5. Take advantage of promotional offers.

Some credit cards offer low introductory rates, which can be used to consolidate outstanding balances or help you pay for big purchases. Just remember to note when the introductory period expires and try to pay off your full balance before the rate goes up. And always pay at least your minimum payment each month, regardless, to avoid negative impacts on your credit score. 

6. Homeowner? Flex your equity.

Even if you don’t have much credit history, if you’re a homeowner, one of the ways you can borrow money is by using the equity you have in your home to take out a home equity line of credit, known as a HELOC. This can be another way to get the funds you need at an attractive interest rate. Quick tip: To figure out your home equity, subtract the amount you owe on your mortgage(s) from the current value of your home.

7. Watch out for these.

Payday loans, title loans, tax refund anticipation loans, and other risky types of loans may be offered by lenders who might not have your best interests in mind. Plus, these types of loans typically have very high (and costly) annual percentage rates (APR).

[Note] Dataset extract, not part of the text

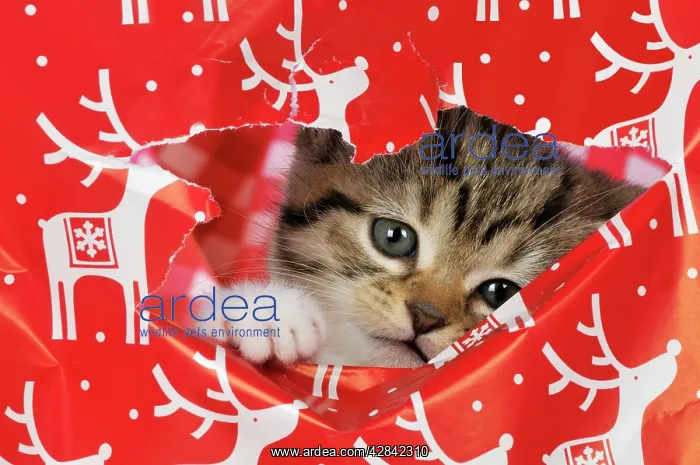 : CAT. Kitten looking through hole in christmas wrapping paper : CAT. Kitten looking through hole in christmas wrapping paper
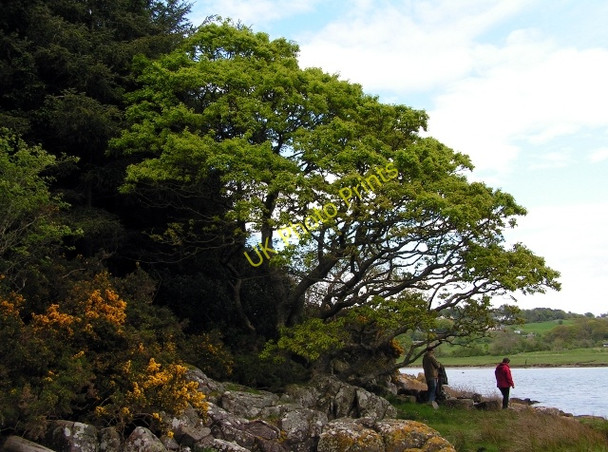 Photo 6"x4" Shoreline Oak Kippford\/Scaur c2009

This content does not constitute legal, tax, accounting, financial, investment, or mental health advice. You are encouraged to consult with competent legal, tax, accounting, financial, investment, or mental health professionals based on your specific circumstances. We do not make any warranties as to accuracy or completeness of this information, do not endorse any third-party companies, products, or services described here, and take no liability for your use of this information.